In July 17, 12 eastern indigo snakes were released into the wild at Apalachicola Bluffs and Ravines Preserve (ABRP), land owned by The Nature Conservancy, in northern Florida. These juvenile snakes, eight males and four females, were hatched and raised at the Central Florida Zoo & Botanical Gardens’ Orianne Center for Indigo Conservation (OCIC). OCIC is a state-of-the-art facility built specifically for the breeding and caring for the eastern indigo snake, and located about 25 miles from the Zoo in Eustis, FL.

Eastern indigo snake hatched at OCIC

"The Central Florida Zoo's Orianne Center for Indigo Conservation is honored to be involved in the repatriation of the eastern indigo snake in Florida,” said Michelle Hoffman, Curator, Orianne Center for Indigo Conservation. “As the sole facility that is breeding indigo snakes for release back into the wild, the OCIC provides these animals with expert care to ensure the breeding success of this challenging species in captivity."
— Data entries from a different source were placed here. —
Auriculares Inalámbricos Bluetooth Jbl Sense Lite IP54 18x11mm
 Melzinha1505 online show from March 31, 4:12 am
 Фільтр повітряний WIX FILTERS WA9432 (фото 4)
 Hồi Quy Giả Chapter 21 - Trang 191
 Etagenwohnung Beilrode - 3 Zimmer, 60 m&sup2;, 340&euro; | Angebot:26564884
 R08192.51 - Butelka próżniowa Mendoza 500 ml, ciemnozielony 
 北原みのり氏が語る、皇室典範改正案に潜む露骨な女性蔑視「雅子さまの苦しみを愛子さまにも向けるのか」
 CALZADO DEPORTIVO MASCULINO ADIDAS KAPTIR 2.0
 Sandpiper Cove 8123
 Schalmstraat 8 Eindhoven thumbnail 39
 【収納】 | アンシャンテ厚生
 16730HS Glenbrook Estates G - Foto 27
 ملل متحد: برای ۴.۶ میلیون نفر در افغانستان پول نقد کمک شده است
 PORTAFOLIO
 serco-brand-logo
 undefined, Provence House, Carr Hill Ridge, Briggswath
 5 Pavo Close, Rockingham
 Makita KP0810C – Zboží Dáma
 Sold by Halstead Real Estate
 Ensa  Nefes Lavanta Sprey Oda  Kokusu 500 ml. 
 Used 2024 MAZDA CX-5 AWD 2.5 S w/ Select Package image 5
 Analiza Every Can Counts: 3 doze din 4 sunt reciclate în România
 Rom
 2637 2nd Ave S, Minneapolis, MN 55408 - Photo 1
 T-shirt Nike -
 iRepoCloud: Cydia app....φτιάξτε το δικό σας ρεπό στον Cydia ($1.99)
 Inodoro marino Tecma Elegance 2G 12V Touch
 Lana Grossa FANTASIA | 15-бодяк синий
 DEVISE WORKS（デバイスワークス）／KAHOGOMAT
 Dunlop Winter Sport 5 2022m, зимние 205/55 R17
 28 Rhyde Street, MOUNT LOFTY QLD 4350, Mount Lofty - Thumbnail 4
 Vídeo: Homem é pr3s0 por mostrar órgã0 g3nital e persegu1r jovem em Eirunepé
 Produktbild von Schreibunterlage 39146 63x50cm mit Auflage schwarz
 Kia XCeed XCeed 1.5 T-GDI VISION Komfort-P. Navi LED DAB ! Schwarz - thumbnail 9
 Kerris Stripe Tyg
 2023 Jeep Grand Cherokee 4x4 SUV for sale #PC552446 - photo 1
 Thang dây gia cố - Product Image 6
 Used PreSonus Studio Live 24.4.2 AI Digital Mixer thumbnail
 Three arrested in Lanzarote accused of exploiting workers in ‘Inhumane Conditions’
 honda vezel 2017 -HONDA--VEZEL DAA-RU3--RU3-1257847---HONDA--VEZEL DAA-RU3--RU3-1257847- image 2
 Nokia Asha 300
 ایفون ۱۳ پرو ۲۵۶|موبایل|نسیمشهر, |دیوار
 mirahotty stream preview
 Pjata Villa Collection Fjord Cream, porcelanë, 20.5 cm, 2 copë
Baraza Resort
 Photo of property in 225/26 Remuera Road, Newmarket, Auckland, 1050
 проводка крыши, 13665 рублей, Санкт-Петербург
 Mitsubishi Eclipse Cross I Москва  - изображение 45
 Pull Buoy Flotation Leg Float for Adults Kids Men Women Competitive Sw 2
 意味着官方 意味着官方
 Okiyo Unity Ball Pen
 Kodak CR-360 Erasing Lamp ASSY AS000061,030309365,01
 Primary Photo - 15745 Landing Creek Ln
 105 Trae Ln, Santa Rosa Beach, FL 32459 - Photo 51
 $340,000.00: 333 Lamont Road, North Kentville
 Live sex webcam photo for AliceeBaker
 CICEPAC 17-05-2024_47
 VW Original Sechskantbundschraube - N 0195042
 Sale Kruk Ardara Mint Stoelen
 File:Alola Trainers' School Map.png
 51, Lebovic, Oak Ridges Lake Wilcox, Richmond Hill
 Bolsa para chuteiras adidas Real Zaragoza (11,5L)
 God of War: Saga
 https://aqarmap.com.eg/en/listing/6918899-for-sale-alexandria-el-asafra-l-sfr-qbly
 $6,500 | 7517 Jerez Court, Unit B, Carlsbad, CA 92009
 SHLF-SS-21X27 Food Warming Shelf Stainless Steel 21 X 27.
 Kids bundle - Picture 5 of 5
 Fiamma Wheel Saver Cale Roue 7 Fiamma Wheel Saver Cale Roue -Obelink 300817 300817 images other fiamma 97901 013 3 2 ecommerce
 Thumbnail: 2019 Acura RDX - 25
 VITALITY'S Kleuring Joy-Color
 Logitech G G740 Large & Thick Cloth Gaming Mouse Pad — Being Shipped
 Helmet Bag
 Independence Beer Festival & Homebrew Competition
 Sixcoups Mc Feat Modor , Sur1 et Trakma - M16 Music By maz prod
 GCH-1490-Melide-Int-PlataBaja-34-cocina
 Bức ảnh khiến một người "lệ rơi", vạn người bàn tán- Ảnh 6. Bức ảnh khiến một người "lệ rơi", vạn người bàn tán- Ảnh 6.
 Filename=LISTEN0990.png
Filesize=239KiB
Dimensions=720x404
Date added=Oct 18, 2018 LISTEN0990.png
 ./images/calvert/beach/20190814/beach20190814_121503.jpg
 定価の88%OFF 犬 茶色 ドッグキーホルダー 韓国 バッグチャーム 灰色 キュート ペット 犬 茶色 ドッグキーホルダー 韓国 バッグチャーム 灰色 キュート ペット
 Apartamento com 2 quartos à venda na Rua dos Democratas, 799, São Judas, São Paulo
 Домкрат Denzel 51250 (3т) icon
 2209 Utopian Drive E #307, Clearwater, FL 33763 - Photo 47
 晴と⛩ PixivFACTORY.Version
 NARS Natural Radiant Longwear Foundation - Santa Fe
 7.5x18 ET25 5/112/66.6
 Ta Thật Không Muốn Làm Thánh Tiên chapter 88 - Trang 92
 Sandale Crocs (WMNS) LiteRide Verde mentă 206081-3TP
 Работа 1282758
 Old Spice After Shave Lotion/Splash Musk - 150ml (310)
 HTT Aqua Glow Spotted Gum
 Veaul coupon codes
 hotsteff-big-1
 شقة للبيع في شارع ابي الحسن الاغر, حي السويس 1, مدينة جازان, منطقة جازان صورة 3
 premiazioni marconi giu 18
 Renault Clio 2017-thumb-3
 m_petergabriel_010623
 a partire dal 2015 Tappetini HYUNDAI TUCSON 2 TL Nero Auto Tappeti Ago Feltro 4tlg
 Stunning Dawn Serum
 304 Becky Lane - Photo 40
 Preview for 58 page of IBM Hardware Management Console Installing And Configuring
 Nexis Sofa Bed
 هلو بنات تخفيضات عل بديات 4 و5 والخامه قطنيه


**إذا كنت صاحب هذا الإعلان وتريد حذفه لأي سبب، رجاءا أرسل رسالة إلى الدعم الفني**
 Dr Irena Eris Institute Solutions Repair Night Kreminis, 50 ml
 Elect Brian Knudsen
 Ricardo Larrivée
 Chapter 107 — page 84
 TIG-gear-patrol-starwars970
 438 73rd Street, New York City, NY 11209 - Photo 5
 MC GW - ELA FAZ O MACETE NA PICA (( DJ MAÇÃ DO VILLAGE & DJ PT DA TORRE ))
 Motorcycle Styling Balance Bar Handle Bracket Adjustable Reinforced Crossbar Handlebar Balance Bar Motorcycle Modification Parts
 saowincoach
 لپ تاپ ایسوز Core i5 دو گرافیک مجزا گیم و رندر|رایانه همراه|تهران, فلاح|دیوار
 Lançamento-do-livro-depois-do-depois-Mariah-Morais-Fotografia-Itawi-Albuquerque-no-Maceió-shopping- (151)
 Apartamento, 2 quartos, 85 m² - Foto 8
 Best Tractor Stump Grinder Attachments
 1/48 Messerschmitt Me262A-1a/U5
The eastern indigo snake is listed as Threatened under the Endangered Species Act. Habitat loss and fragmentation have greatly contributed to the decline in this species. With a native range that once stretched from southern South Carolina, west into Georgia, Alabama, and Mississippi, and throughout Florida, the eastern indigo snake is now rare and has been largely eliminated from northern Florida. The last observed eastern indigo snake at ABRP was in 1982. This release marks the beginning of a ten-year commitment to restoring their population in north Florida. 

 
 

While this was the first release of eastern indigo snakes in Florida in 30 years, it was not the first for the Central Florida Zoo’s Orianne Center for Indigo Conservation. Since opening the facility in east Lake County in 2012, the Center has hatched over 160 indigo snakes and has released over 100 indigo snakes into the Conecuh National Forest in Alabama. Just days before the release in north Florida at ABRP, 26 eastern indigo snakes were released in Alabama.

Eastern indigo snake in gopher tortoise burrow after being released at ABRP.

These snakes had been hatched at OCIC, and raised at Zoo Atlanta in Georgia, showcasing the important role that all accredited zoos play in helping wild animals. The eastern indigo snake is the longest native snake in the United States, reaching up to 8-9 feet in length. The snake is non-venomous and feeds on a variety of animals, including other snakes. Eastern indigo snakes play a critical role in their ecosystem as apex predators, maintaining the balance that is critical to a healthy wildlife community. Eastern indigo snakes rely heavily on the burrows of gopher tortoises, as do many other species. In addition to this release and partnership, the Central Florida Zoo works tirelessly to educate our guests on the importance of native species and balance in ecosystems. You can observe eastern indigo snakes and a variety of other native snakes in our Herpetarium located at the Zoo.

Your visit and donations to the Central Florida Zoo & Botanical Gardens helped make this release possible. Support of the Zoo helps us keep our commitment to being a conservation and education resource for the Central Florida community, as well as assisting populations of our native wildlife.

 

(L to R) Dino Ferri (Central Florida Zoo Director), David Printiss (The Nature Conservancy), and Michelle Hoffman (Curator of OCIC) with an eastern indigo snake on the day of the release.